CANN Operator Generation

Generate optimized NPU kernels by writing solution.json.

Workflow

Step 1: Research APIs

code

cann_get_knowledge()              # List all API categories
cann_search_api("DataCopyPad")    # Get API signature → returns header_file path
cann_search_operator("avg_pool")  # Find similar implementations → returns file paths

IMPORTANT: These tools return file paths, not code.

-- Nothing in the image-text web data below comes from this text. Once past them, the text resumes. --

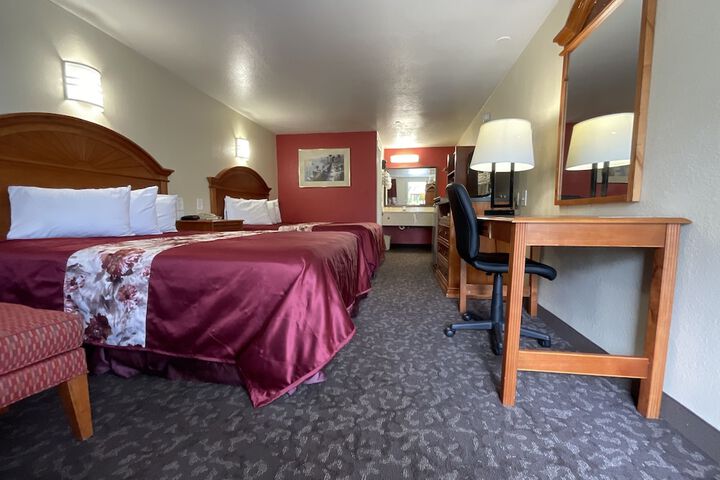 2 Queen Beds Accessible (5 of 17)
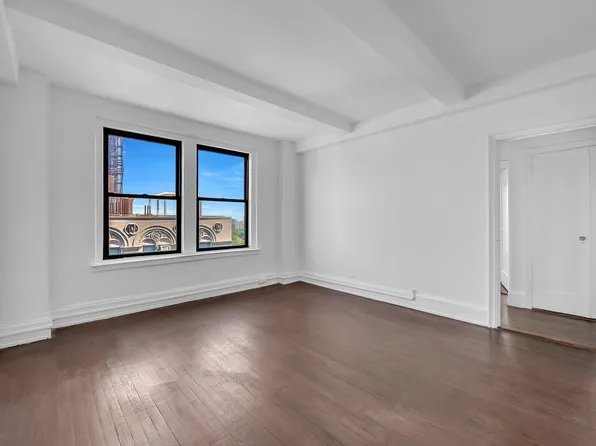 327 Central Park West image 8 of 24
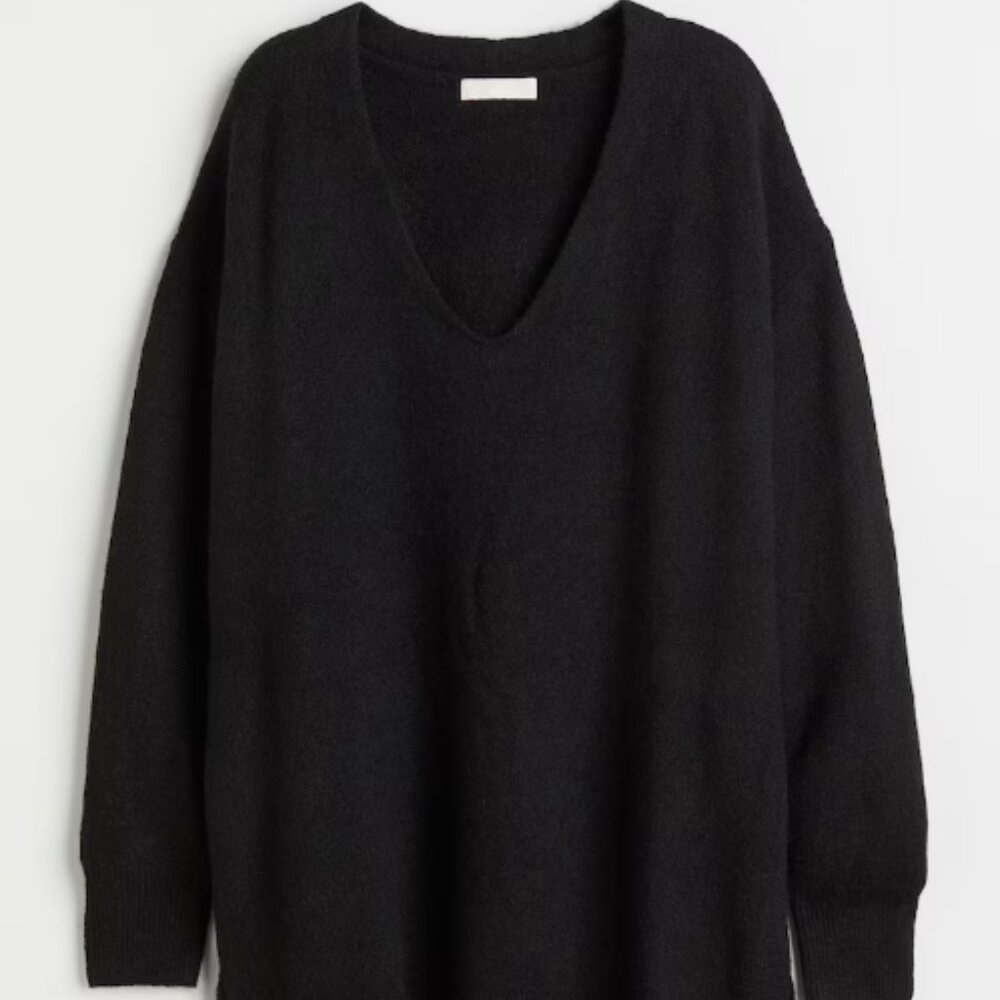 H&M black V-neck sweater (size XS)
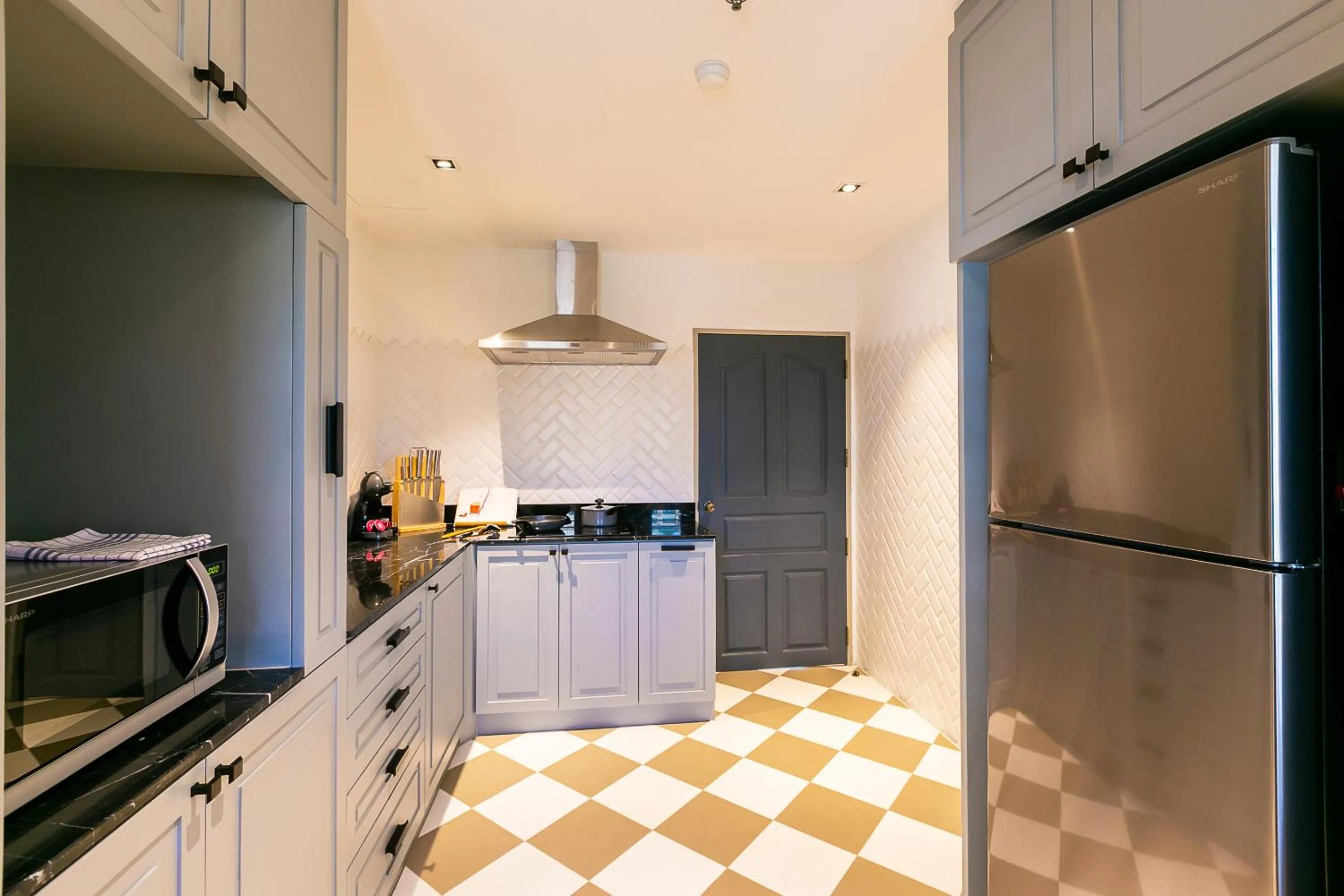 Kitchen or kitchenette in THEA Private Suites by TH District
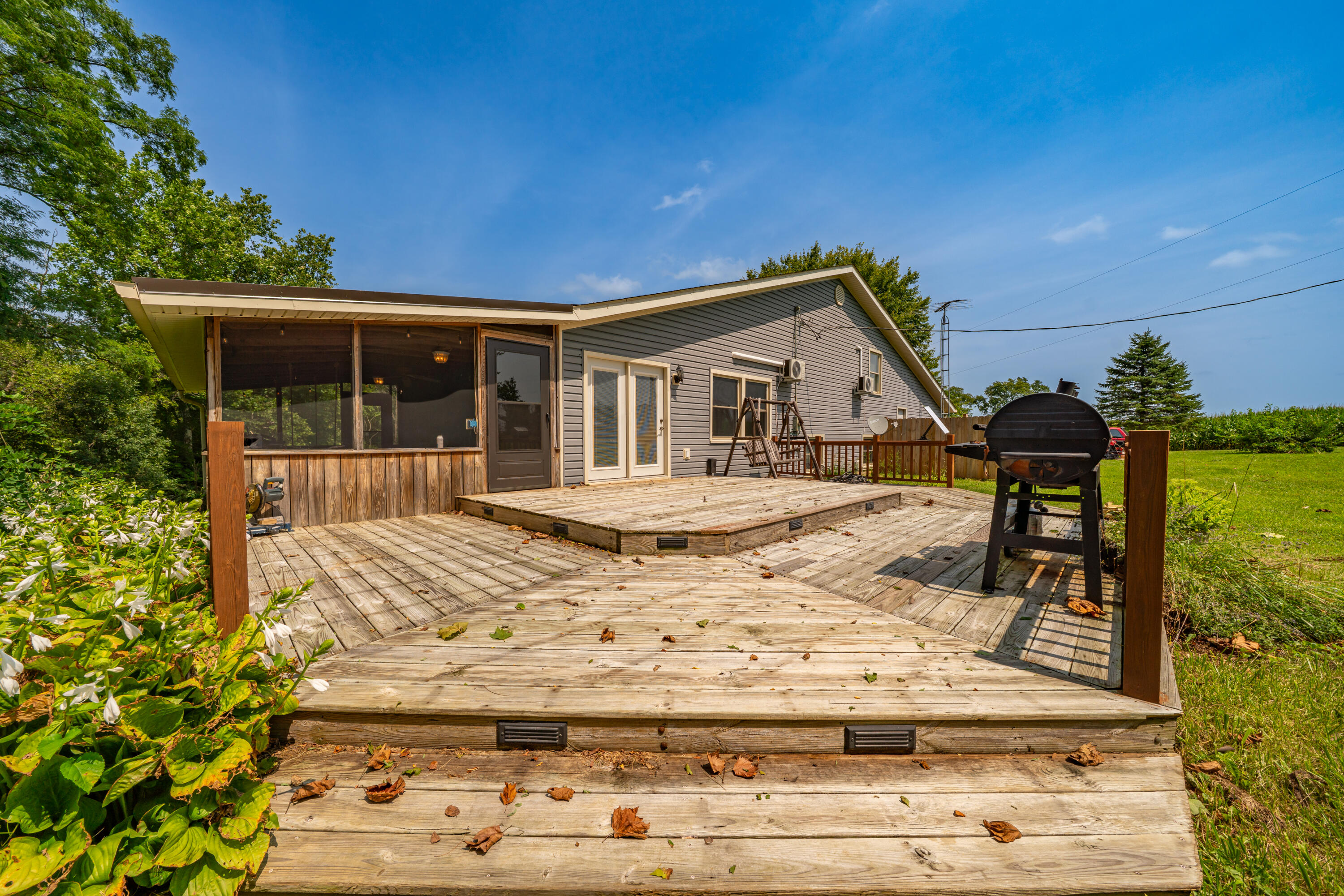 9901 Ballentine, New Carlisle, Ohio 45344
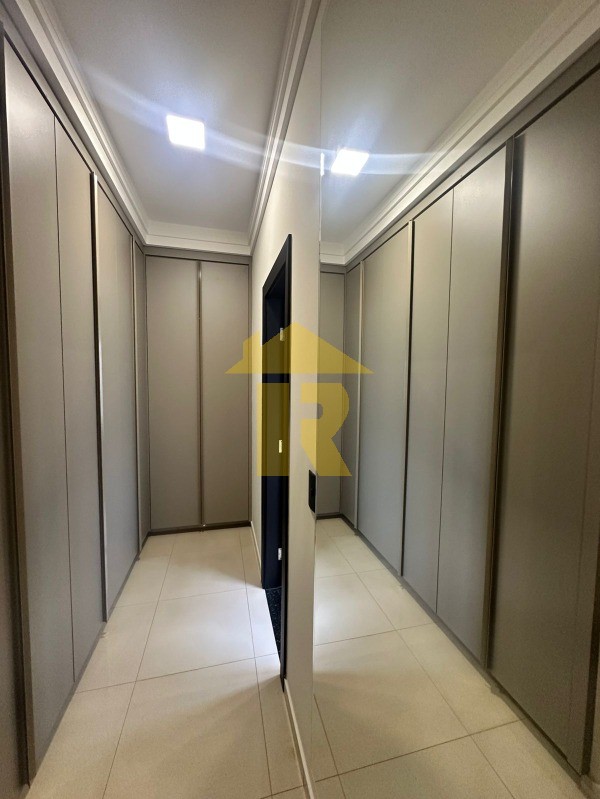 Casa de Condomínio com 3 quartos à venda, 210m² — foto 26 de 39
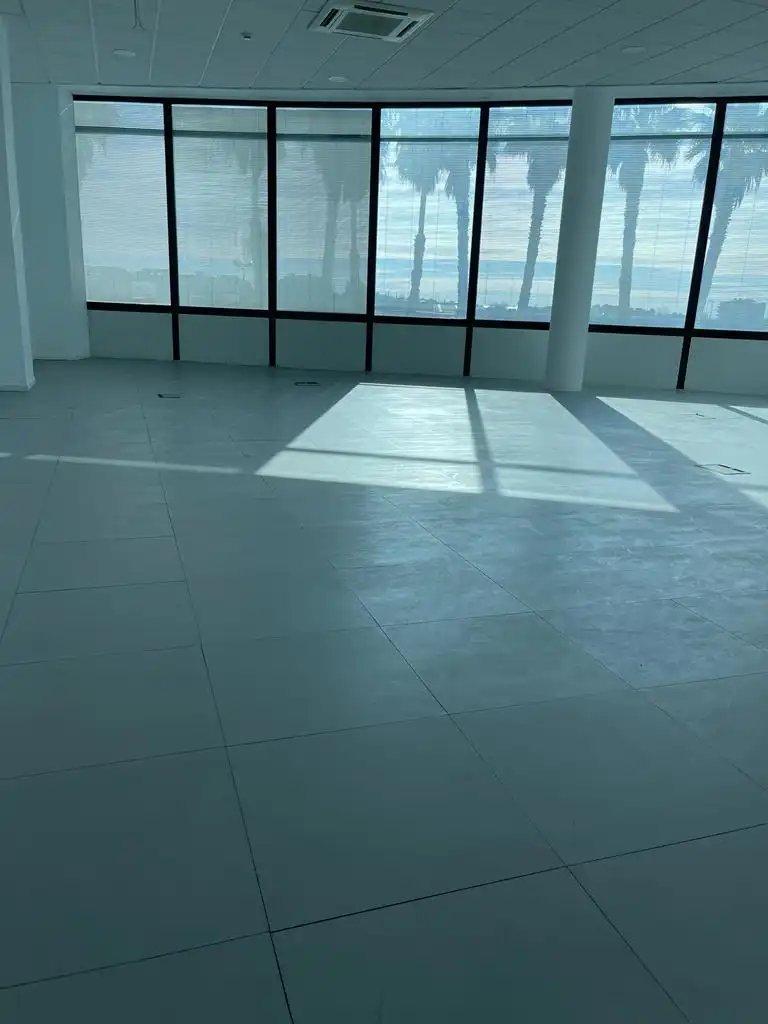 Exterior view of Office for sale in Vilanova i la Geltrú  with Air Conditioner and Heating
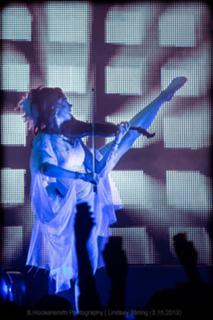 Lindsey Stirling feet photo thumbnail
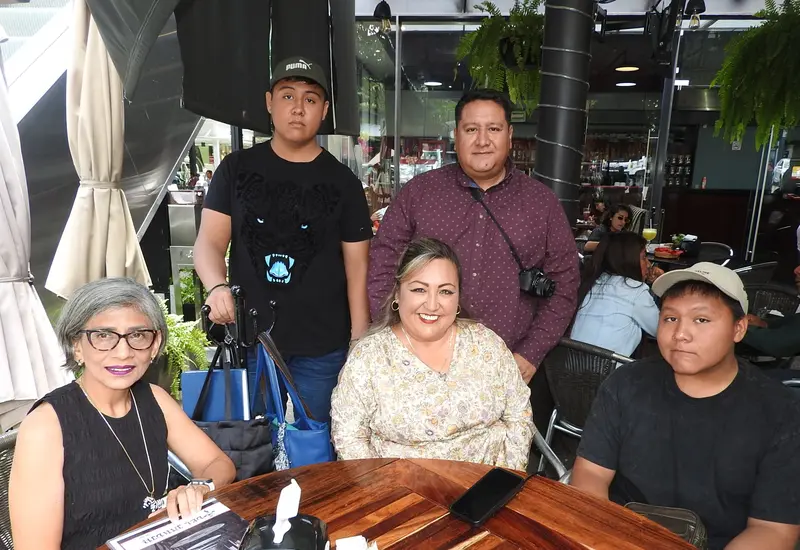 Marisol Altamirano, la maestra Gisela Vega, Óscar Fernando Jaimes, Alexis Josué Jaimes y Josué Iván Jaimes.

Use the Read tool to view the actual content.

Example workflow:

code

1. cann_search_operator("avg_pool") → {"primary": {"kernel_files": ["/path/to/kernel.h"]}}
2. Read("/path/to/kernel.h") → see actual implementation

Step 2: Read Input Files

•constraints.md - Code template structure & JSON format requirements
•vector.md or cube.md - Hardware specs & critical rules
•signature.json - Operator interface (inputs, outputs, params)
•python_reference.py - Reference implementation
•solution_template.json - Example JSON format

Step 3: Pre-flight Checks

Before writing code, verify:

Output dimensions alignment:

•If output width/height is NOT a multiple of 8, you MUST use DataCopyPad instead of DataCopy
•Example: outW=46 → use DataCopyPad to write exactly 46 elements

Unfamiliar APIs:

•If using an API you're unsure about, call cann_search_api("ApiName") first
•Then Read the returned header_file to see the exact signature

Step 4: Write solution.json

CRITICAL: Use the Write tool to create solution.json

All 6 fields required:

•kernel_impl - Kernel class definition
•kernel_entry_body - Instantiate and call kernel
•tiling_fields - JSON array [{"type": "T", "name": "N"}, ...]
•tiling_func_body - Host-side tiling calculation
•infer_shape_body - Output shape inference
•output_alloc_code - C++ code at::Tensor result = ...;

Quick Reference

Operator Naming

For operator foo_bar:

•Kernel class: KernelFooBar
•Tiling class: FooBarCustomTilingData

Buffer Initialization

cpp

// TQue: 3 arguments (que, BUFFER_NUM, size)
TQue<QuePosition::VECIN, 2> inQue;
pipe.InitBuffer(inQue, 2, bufferSize);

// TBuf: 2 arguments only (buf, size) - NO BUFFER_NUM!
TBuf<QuePosition::VECCALC> tmpBuf;
pipe.InitBuffer(tmpBuf, scratchSize);

Data Transfer

cpp

// ✅ Always use DataCopy for GM↔UB (uses DMA)
DataCopy(localTensor, xGm[offset], count);

// ⚠️ Avoid GetPhyAddr() for data transfer - very slow
// float val = *((__gm__ float*)xGm.GetPhyAddr() + idx);  // ~100x slower!

Error Troubleshooting

Error	Likely Cause
`TILING_DATA_FIELD_DEF requires 2 arguments`	tiling_fields is string, should be JSON array
`OpCustomTilingData not declared`	Wrong tiling class name, use `{OpName}CustomTilingData`
`InitBuffer not supports T as TBuf`	TBuf uses 2 args: `pipe.InitBuffer(buf, size)`
`Output value mismatch`	Non-aligned output → use `DataCopyPad`
`507035 vector core exception`	Vector operation count < 8